Satellite estimates of surface shortwave radiation (SWR) at high latitudes agree less with ground observations than at other locations; moreover, ground observations at such latitudes are scarce. The comprehensive observations of radiative fluxes made since 1977 by the Department of Energy Atmospheric Radiation Measurement (ARM) Program at the Barrow North Slope of Alaska (NSA) site are unique. They provide an opportunity to revisit accuracy estimates of remote sensing products at these latitudes, which are problematic because the melting of snow/ice and lower solar elevation make the satellite retrievals more difficult.

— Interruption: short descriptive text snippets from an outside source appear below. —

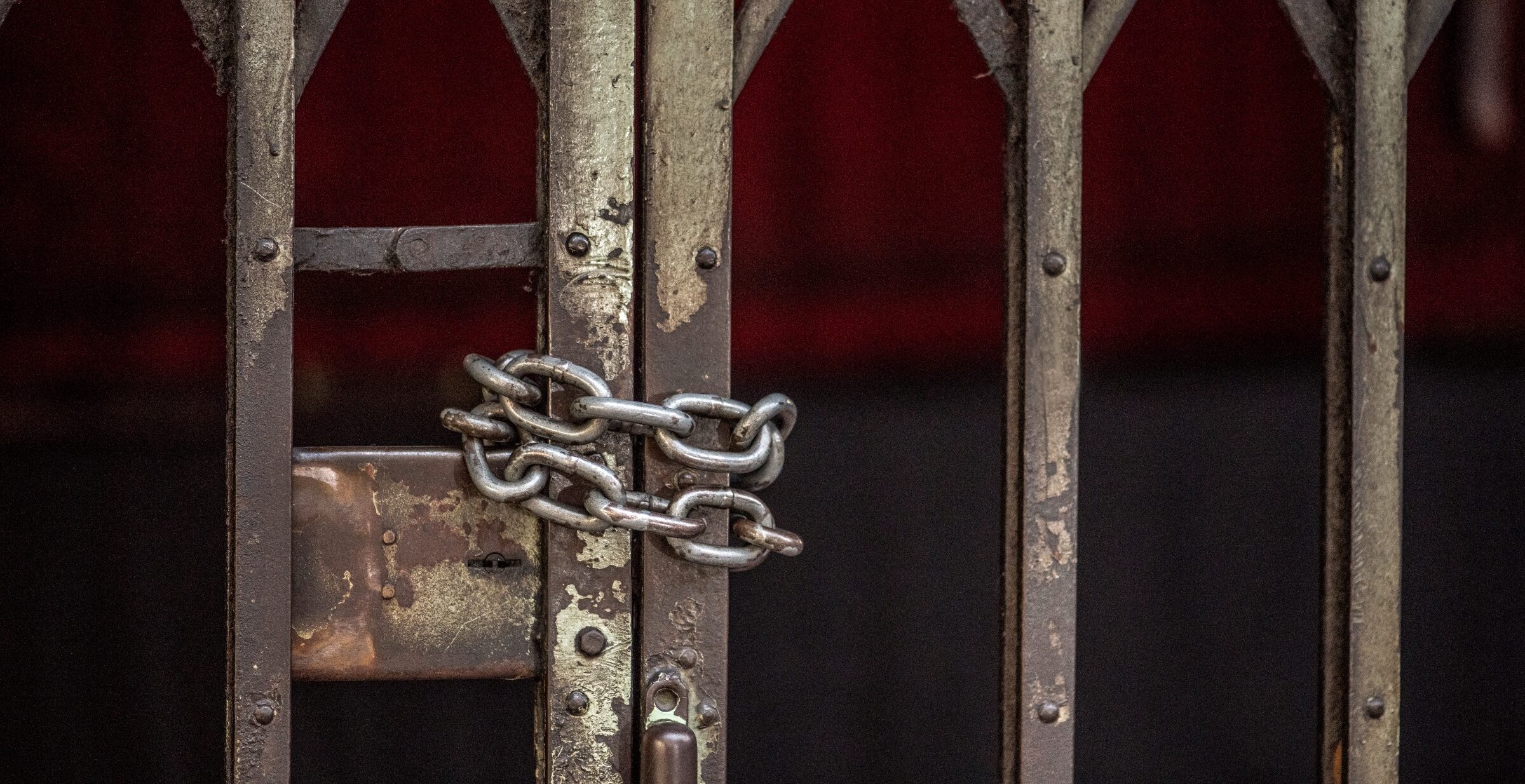 A govt decision to renewing Adelaide's prison centre contract with Serco has angered unions. Photo: rawpixel.com/Magnific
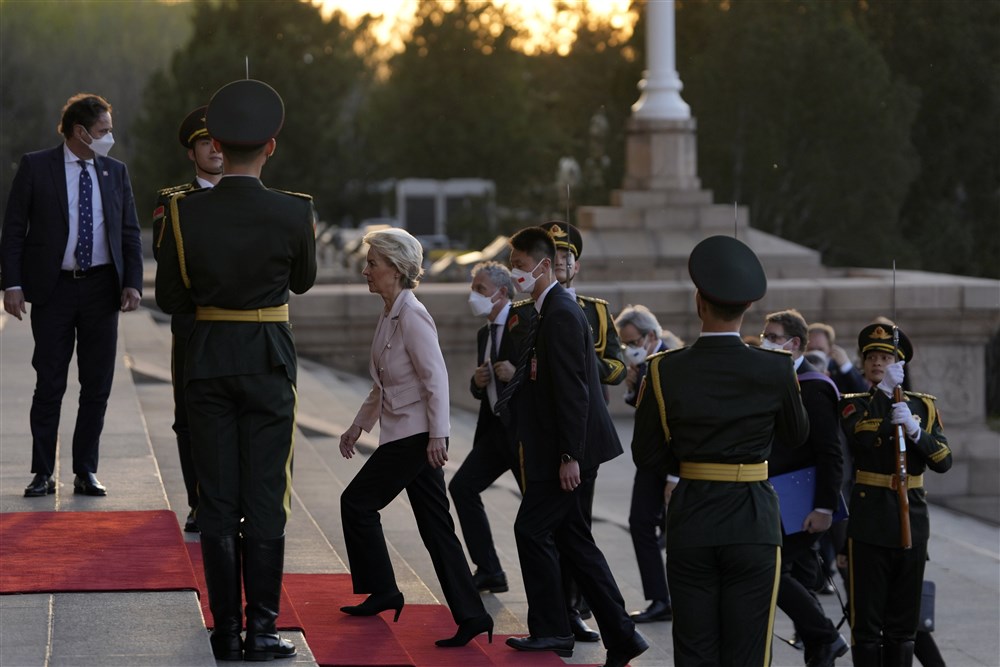 "Makron je napravio budalu od sebe u Kini": Analiza britanskog Spektatora o poseti francuskog predsednika Pekingu 2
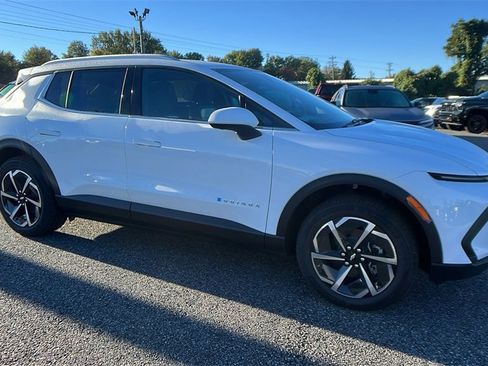 New 2026 Chevrolet Equinox EV LT image 3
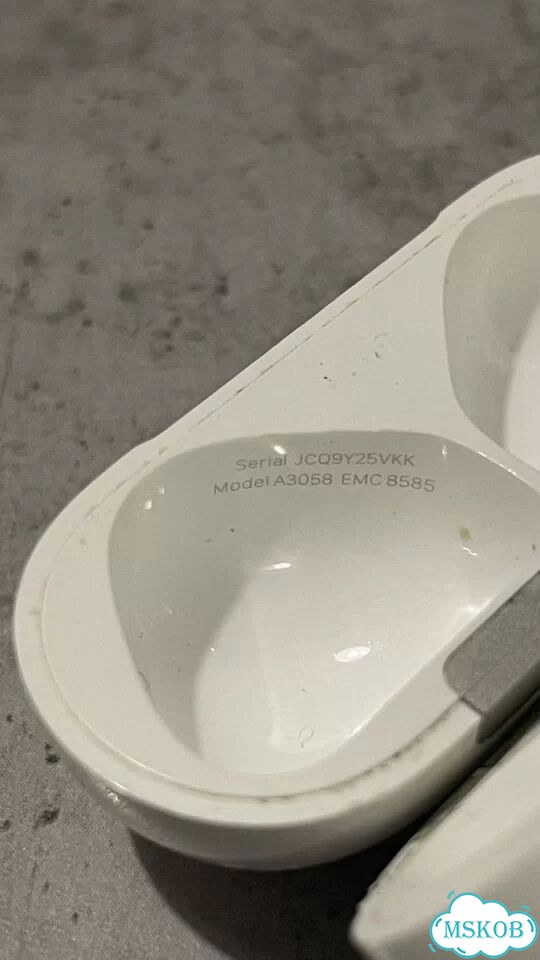 Зарядный футляр для AirPods 4 A3058 фото 3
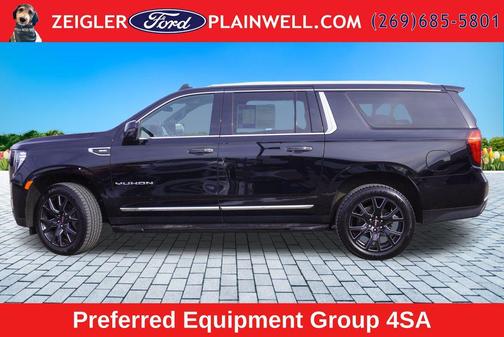 Onyx Black 2023 GMC Yukon XL SLT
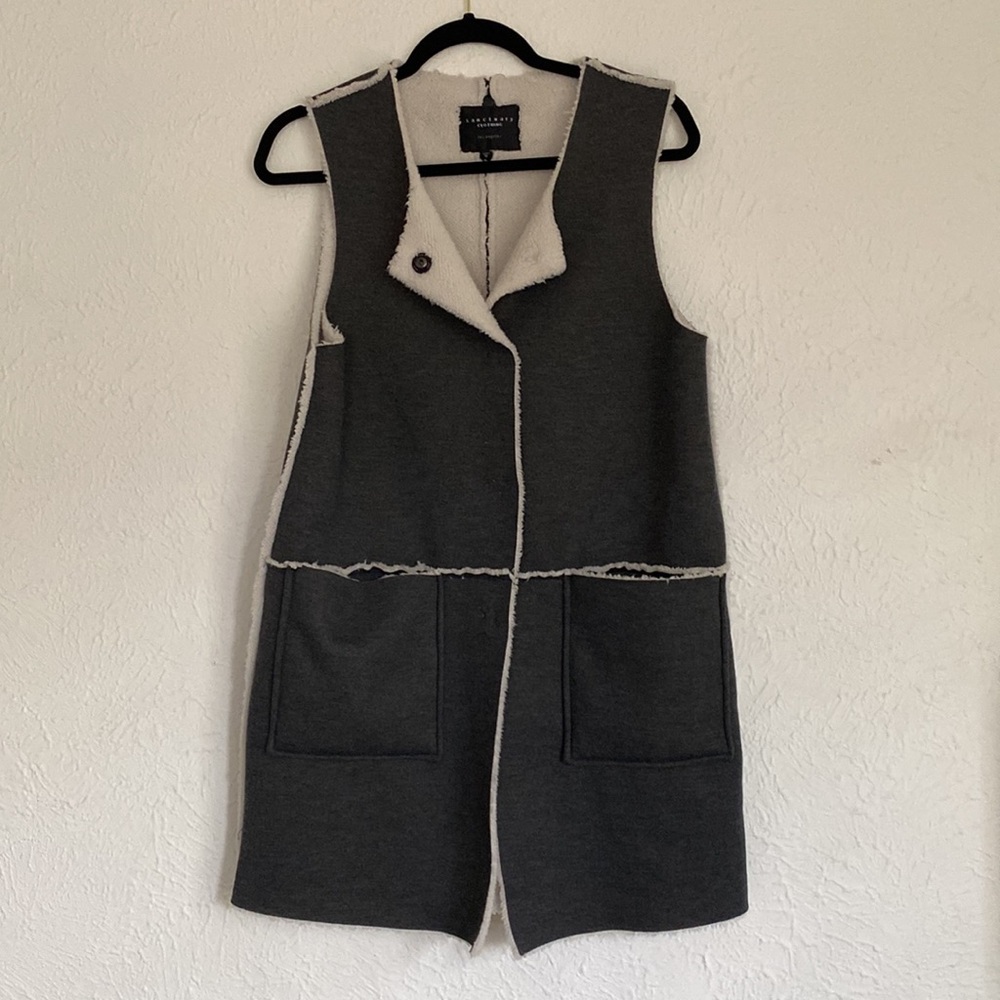 Sanctuary Clothing Los Angeles Long Grey Vest with Sherpa Lining - Picture 2 of 6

A newly developed inference scheme for deriving SWR from the Moderate Resolution Imaging Spectroradiometer (MODIS; Terra and Aqua) that utilizes updated information on surface properties over snow and sea ice will be evaluated against these ground measurements and compared with other satellite and model products. Results show that the MODIS-based estimates are in good agreement with observations, with a bias of −5.3 W m−2 (−4% of mean observations) for the downward SWR, a bias of −5.3 W m−2 (−7%) for upward SWR, a bias of 1 (1%) for net SWR, and a bias of −0.001 (0%) for surface albedo. As such, the MODIS estimates of SWR can be useful for numerical model evaluations and for estimating the energy budgets at high latitudes.